Florida Philosophical Association
- Abbreviation: FPA
- Formation: 1955
- Type: Scholarly and academic society
- Headquarters: FPA headquarters: Department of Philosophy, University of Florida 330 Griffin-Floyd Hall Gainesville, FL 32611-8545 Florida Philosophical Review headquarters: University of Central Florida, 4000 Central Florida Blvd, Orlando, FL 32816-1352
- Region served: Florida
- Membership: 349
- President: Susan Peppers-Bates
- Vice President: Joshua Rust
- Secretary-Treasurer: Ron Claypool
- Website: meta.phil.ufl.edu/host/fpa/

= Florida Philosophical Association =

American philosophical organization (founded 1955)

The Florida Philosophical Association (FPA) is a scholarly academic organization founded in 1955 to promote the study of philosophy in Florida. The organization sponsors an annual conference in November.
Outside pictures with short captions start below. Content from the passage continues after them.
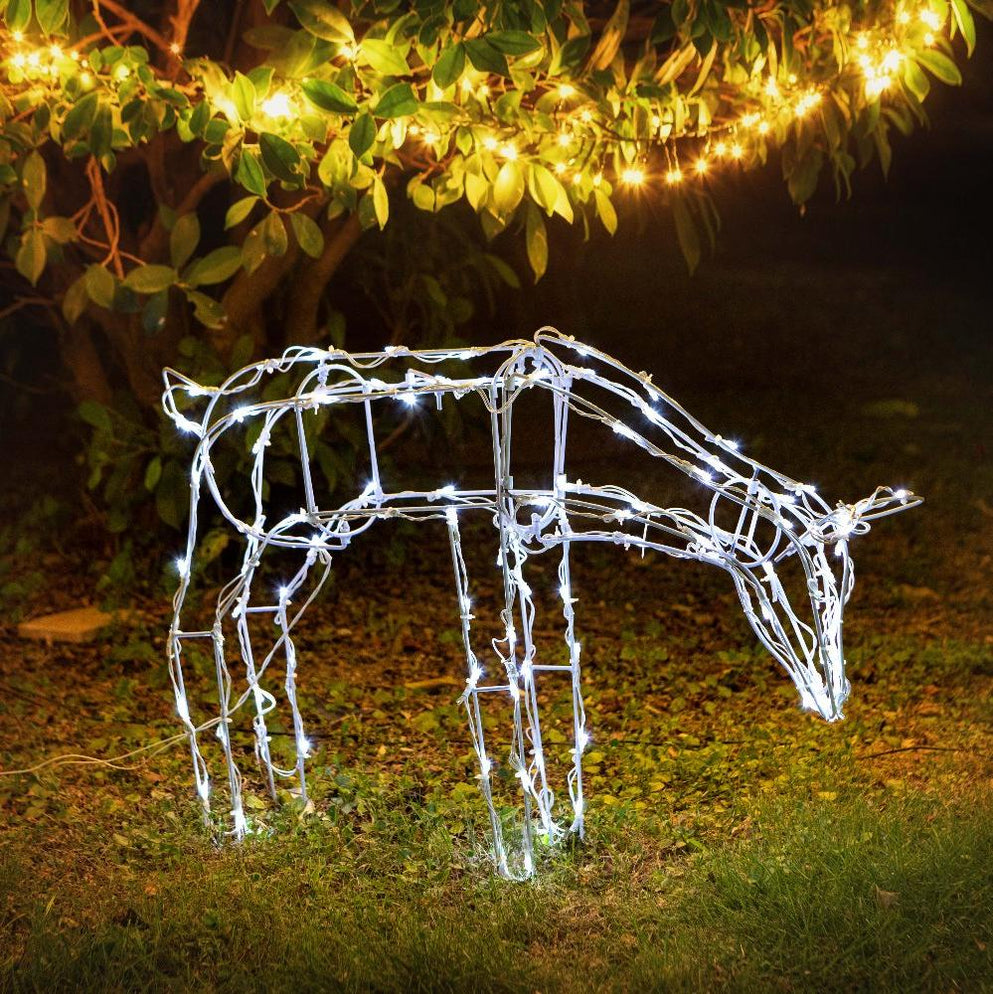 Battery Operated LED Reindeer 2 Style Options Feeding and Standing — Christmas Factory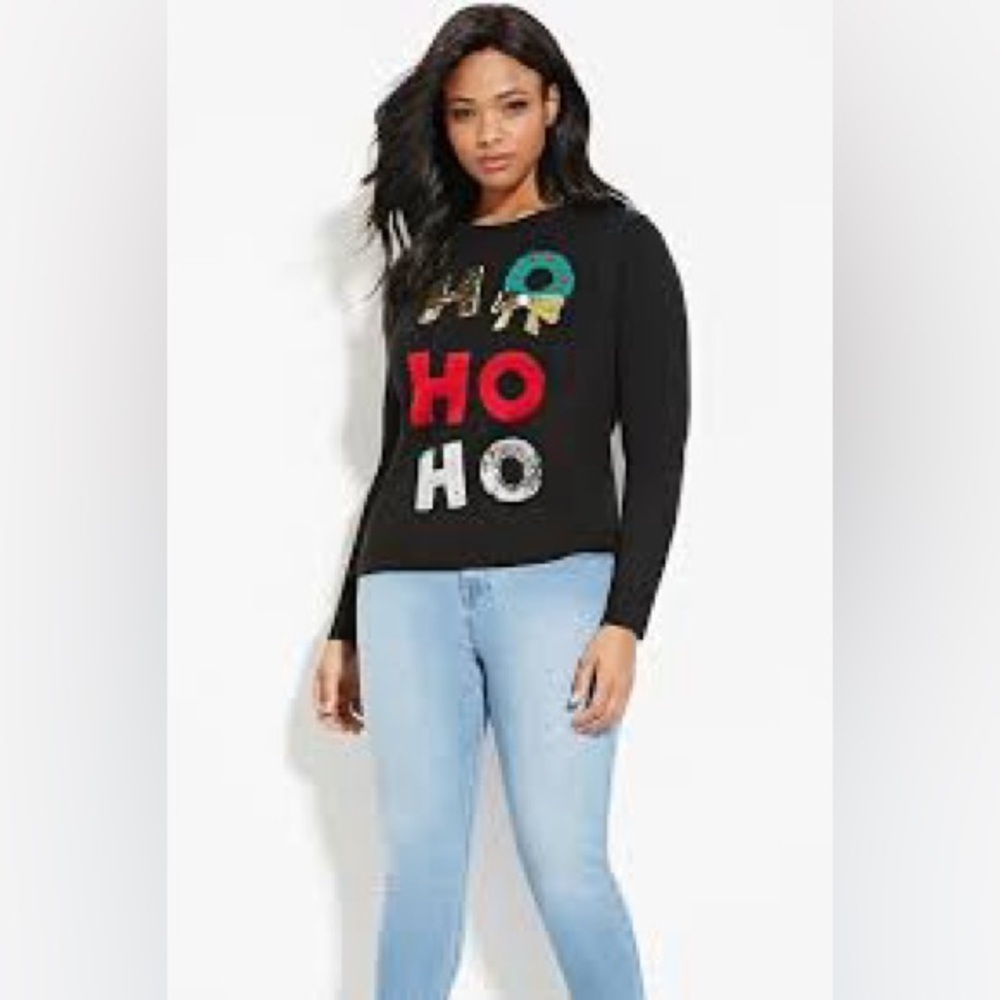 Forever 21 Black Sweater with Festive Design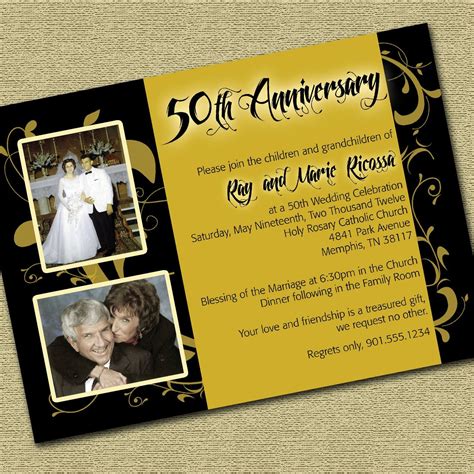 50Th Wedding Anniversary Invitations Templates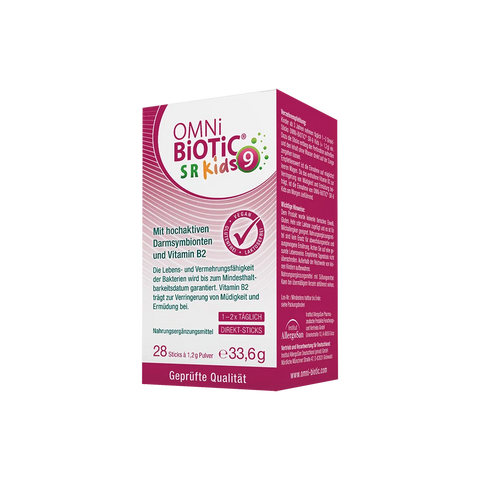 Eine Packung OMNi-BiOTiC SR-9 Kids, 28 Direkt-Sticks à 1,2 Gramm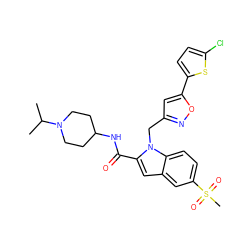 CC(C)N1CCC(NC(=O)c2cc3cc(S(C)(=O)=O)ccc3n2Cc2cc(-c3ccc(Cl)s3)on2)CC1 ZINC000014949878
Past presidents include Grayson Douglas Browning (1967–1968), Ellen Stone Haring (1974–1975), Jaakko Hintikka (1984–1985), and Roy Weatherford (1997–1998).

The Florida Philosophical Review is the peer-reviewed electronic journal of the FPA. It is published annually or biannually by the Department of Philosophy of the University of Central Florida.

The president for 2025–2026 has been the feminist philosopher Susan Peppers-Bates of Stetson University.